3.2. X-Ray Crystallography of Compounds 1 and 2

Compounds 1 and 2 are structurally very similar, but subtle differences in their structural parameters are apparent under detailed analysis. In summary, compounds 1 and 2 both contain the hexaborate(2−) anion (Figure 1) coordinated in a tridentate facial manner to a distorted octahedral Zn(II) center by hydroxyl oxygen atoms (κ³O,O′,O″). Both compounds also contain a bidentate (cis) 1,2-diaminoalkane (κ²N,N′) ligand. The sixth donor atom is from a peripheral hydroxyl oxygen (κ¹O*‴) from an “adjacent” hexaborate(2−) unit. Thus, 1-D polymer chains are set up with each hexaborate(2−) ligand bridging two zinc(II) centers in alternating tridentate and mondentate modes.

A displacement ellipsoid [26] drawing of 1 is shown in Figure 2. The hexaborate(2−) ligand is tridentate to a distorted octahedral Zn(II) metal center with Zn1–O11, Zn1–O12, and Zn1–O13 distances of 2.3874(9) Å, 2.0790(9) Å, and 2.0196(9) Å, respectively. The Zn-donor atom distances associated with the 1,2-diaminoethane ligand are Zn1–N1, 2.1345(11)Å and Zn1–N2, 2.0753(11) Å. A coordinate O donor bond involving an “adjacent” hexaborate(2−) unit, Zn1–O10* 2.2320(9) Å, completes the octahedral coordination geometry around the Zn(II) atom. This latter interaction is not shown in Figure 2. O10* is trans to O11 (O10–Zn1–O11 = 170.18(3)). A view of the coordination polymer chain in 1 is shown in Figure 3. The B–O distances and angles within the hexaborate(2−) anion of 1 are not significantly different from those observed in related B–O systems with three- and four-coordinate boron centers in general [33,34,35] and, more specifically, to other reported hexaborate(2−) complexes such as [Cu(Me₂NCH₂CH₂NMe₂){B₆O₇(OH)₆}]·6H₂O [36], [Me₂NHCH₂CH₂NHMe₂][Zn{B₆O₇(OH)₆}₂]·2H₂O [37], and [C₄N₂H₁₂][Co{B₆O₇(OH)₆}₂]·6H₂O [38].

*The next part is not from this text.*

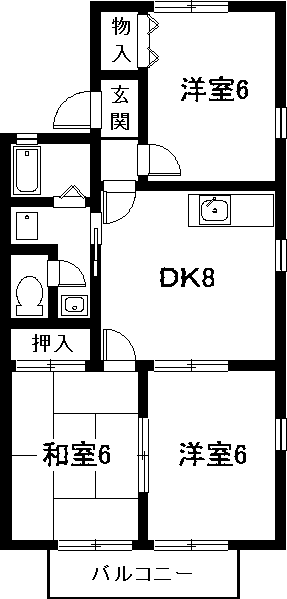セジュール中井(3DK/2階)の間取り写真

There are 10 potential H-bond donors in the neutral monomeric unit “Zn(en){B₆O₇(OH)₆}” of 1 and 14 potential donor sites, when including interstitial H₂O, which lead to a complex set of H-bond arrangements. Reciprocal R₂²(8) (Etter nomenclature [39]) pairs emanate from hydrogens on O8, O10, and O13. The hydrogen atom on O11 is an H-bond donor to a water molecule (O21), whilst hydrogens on O9, O11, and O12 all partake in unusual R₂²(6) ring interactions. These interactions both include Zn1 and either amino-hydrogens on N1 or N2. The R₂²(6) involving N1H1A is a cyclic donor arrangement involving a neighboring hexaborate(2−) hydroxyl, O9*H9*, as the second donor. The R₂²(6) interaction involving N2H2B is a pincer H-bond interaction originating from O12H12 and N2H2B to a neighboring hexaborate(2−) acceptor at O8*. These two interactions are shown in Figure 4. Full details of these and other H-bond interactions are in the Supplementary Materials. The reciprocal R₂²(8) interaction was calculated to be strong [10] and the R₂²(6) are likely to have comparable H-bond strength. These R₂²(8) and R₂²(6) interactions are all inter-chain and they stabilize the solid-state structure through linking together hexaborate(2−) ligands of adjacent 1-D coordination polymer chains. There are no intra-chain H-bond interactions. These inter-chain H-bond interactions, in association with formation of Zn–O coordinate bonds, have a strong influence in stabilizing the templated self-assembled structure of 1.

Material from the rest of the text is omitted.